For the visual perception system, Mobileye, a leader of visual ADAS algorithms, gets a multitude of independent perception algorithms used simultaneously to create internal redundancy layers for both detection and measurements with higher perception accuracy and stability. Detection is to determine what object is perceived, and measurements are to infer the 3D information of the perceived object via the 2D image of the camera.
For detection, Mobileye uses 6 independent engines:
3DVD or 3D Object Detection: It is the common approach of predicting a 3D bounding box using a neural network from the 2D image.
Full Image Detection: It deals with the common scenario where an object (such as buses cars or trucks) is extremely close and can only be partially seen. Object classification using visual signatures is used to track close up vehicles in this scenario.
Top View FS: It focuses on identifying and marking the unoccupied roads in the screen.
Features Detection: This appearance-based engine detects vehicles from reliable features, such as wheels.
VIDAR: It is an approach that uses multiple views of the environment to triangulate and create a depth map. That depth map is converted into a point cloud and LiDAR based processing algorithms are used on that point cloud.

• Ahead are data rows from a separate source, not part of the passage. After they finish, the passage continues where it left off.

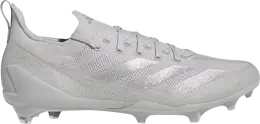 Adidas: Серебристые кроссовки  Adizero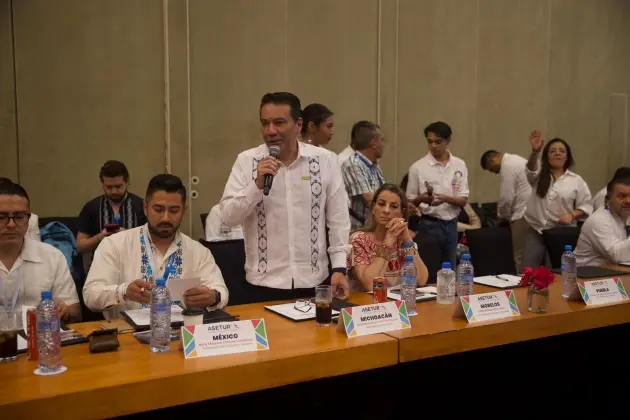 Michoacán destaca en el Primer Encuentro de Cámaras y Asociaciones Turísticas de México 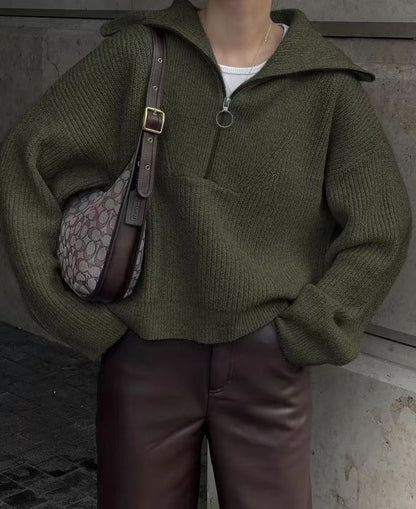 Vintage V-Neck Sweater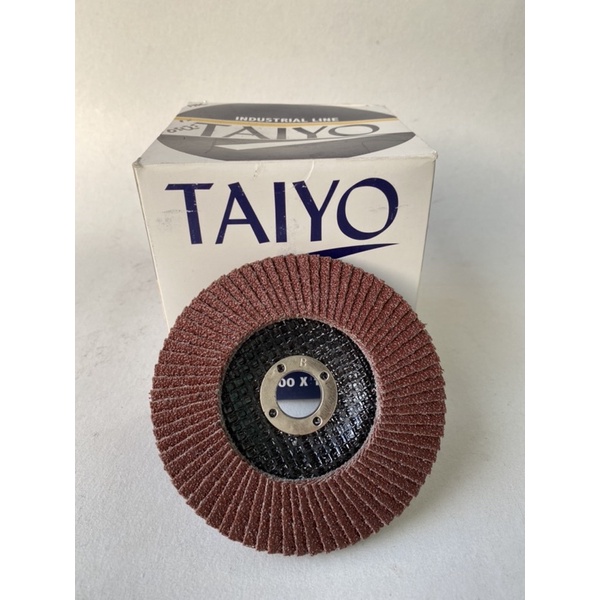 Mata Gerinda Amplas Susun 4" Taiyo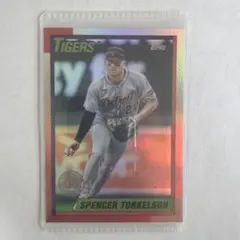 TOPPS 2025 アップデートシリーズ スペンサー・トーケルソン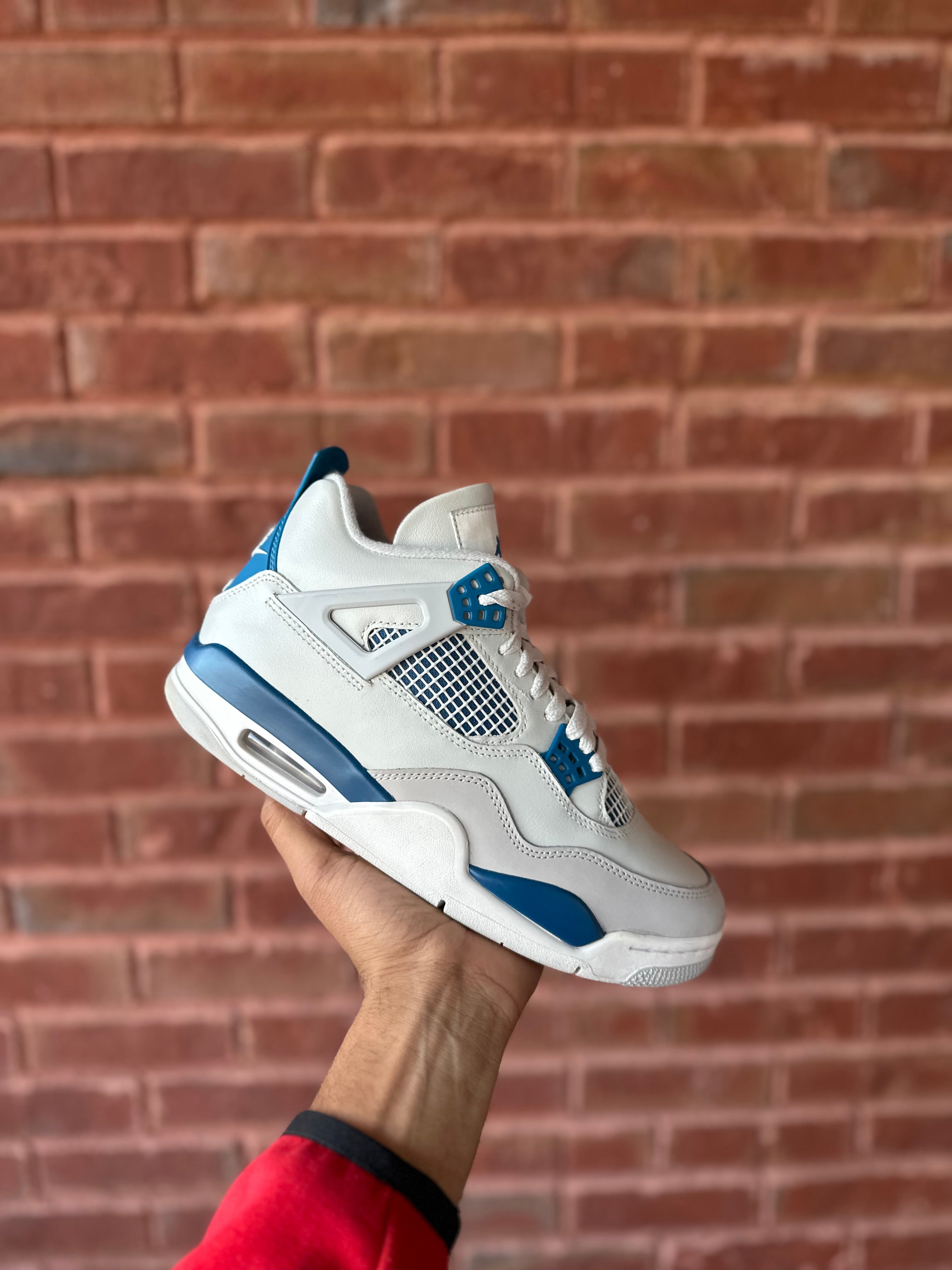 Size 9 - J4 military blue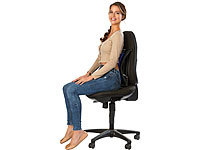 ; Heimtrainer mit Tablet-/ Laptop-Ablagen, Twisting Disk Bauch- & Hüft-Trainer 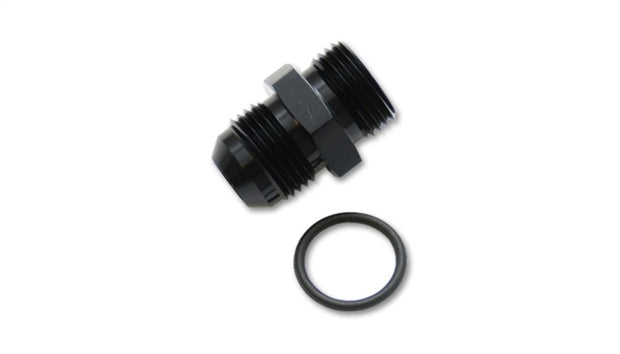 Vibrant -4AN Flare x -4 Male ORB w/ O-Ring Straight Cut Adapter Fitting - 16821 - Boost Factory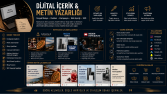 Dijital İçerik ve Metin Yazarlığı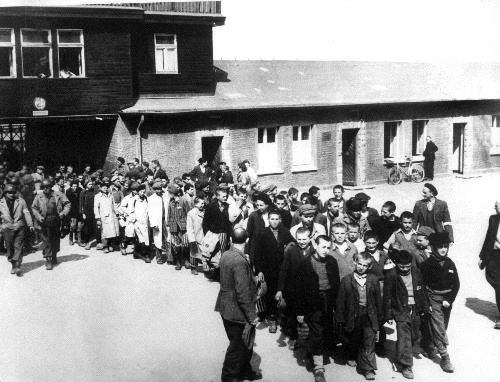 Buchenwald at liberation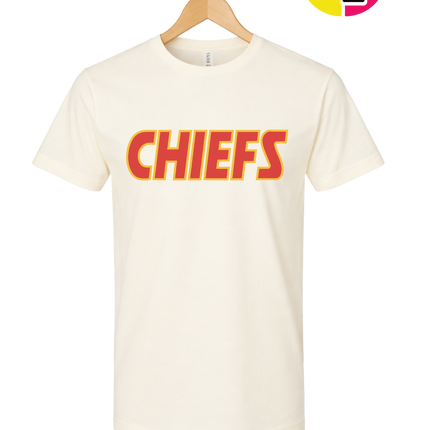 Chiefs Retro Rally Script Tee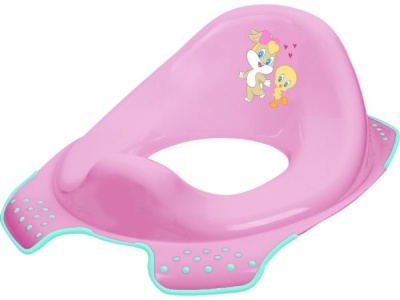 Накладка на унитаз детская Ewa looney tunes 92853 30x40x15см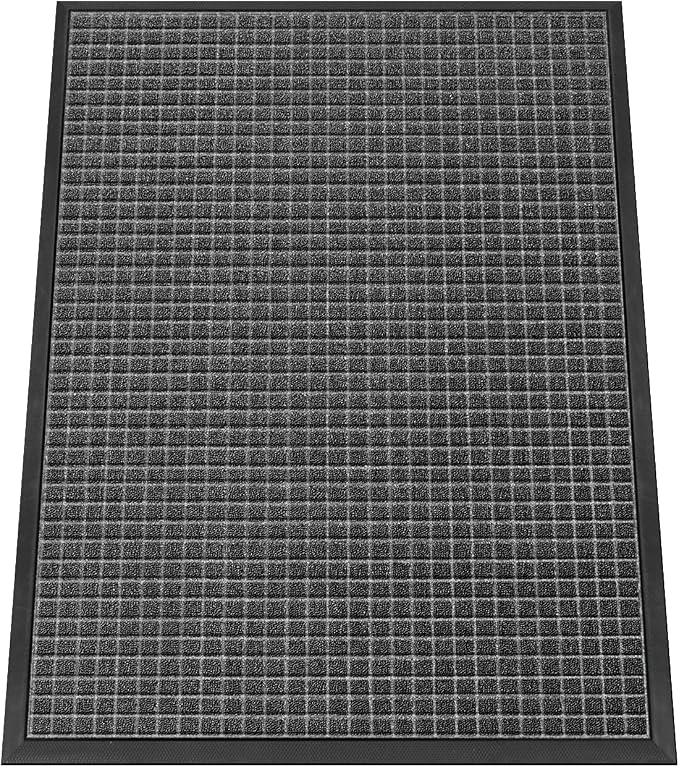 Kuyal Front Door Mat, Waterproof Welcome Mats by Kuyal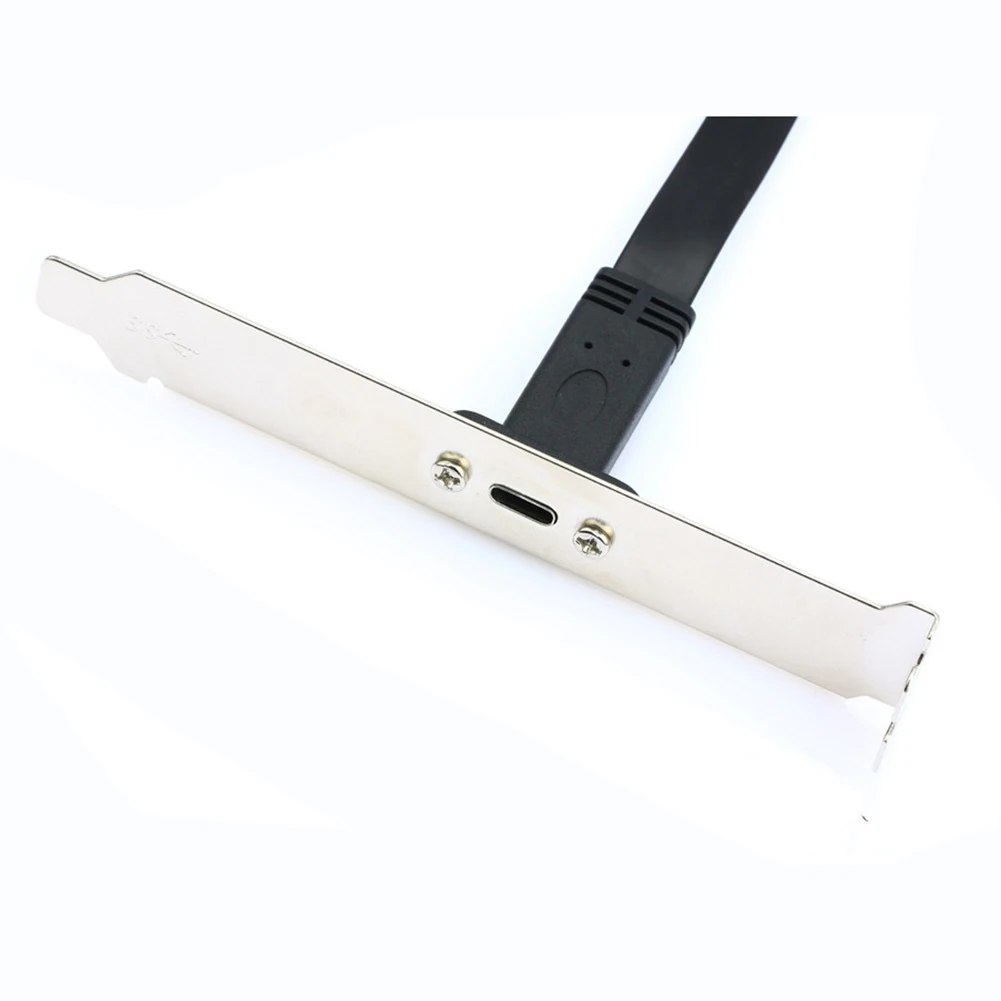 Type E to USB 3.1 Type C Front Panel Header Mainboard Expansion Cable Connector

Scene Segmentation (NSS): It is a neural network-based approach to break the scene down into free space and semantic objects (vehicle, sign, pedestrian, etc.), the pixels containing an object are treated as a detection.
Also as a leader in visual perception algorithms, Tesla names its deep learning network as HydraNet which involves 48 different neural networks that output 1,000 distinct tensors (predictions) at each timestep; in theory, HydraNet can detect 1,000 objects simultaneously. Tesla acquired DeepScale, a Silicon Valley startup that focuses on developing computer vision technologies, in a bid to improve its algorithmic capabilities.
To catch up with Tesla and Mobileye in visual perception algorithms, OEMs and Tier1 suppliers are expanding their teams of software engineers. The algorithmic capabilities will be one of the decisive factors to the performance of visual perception.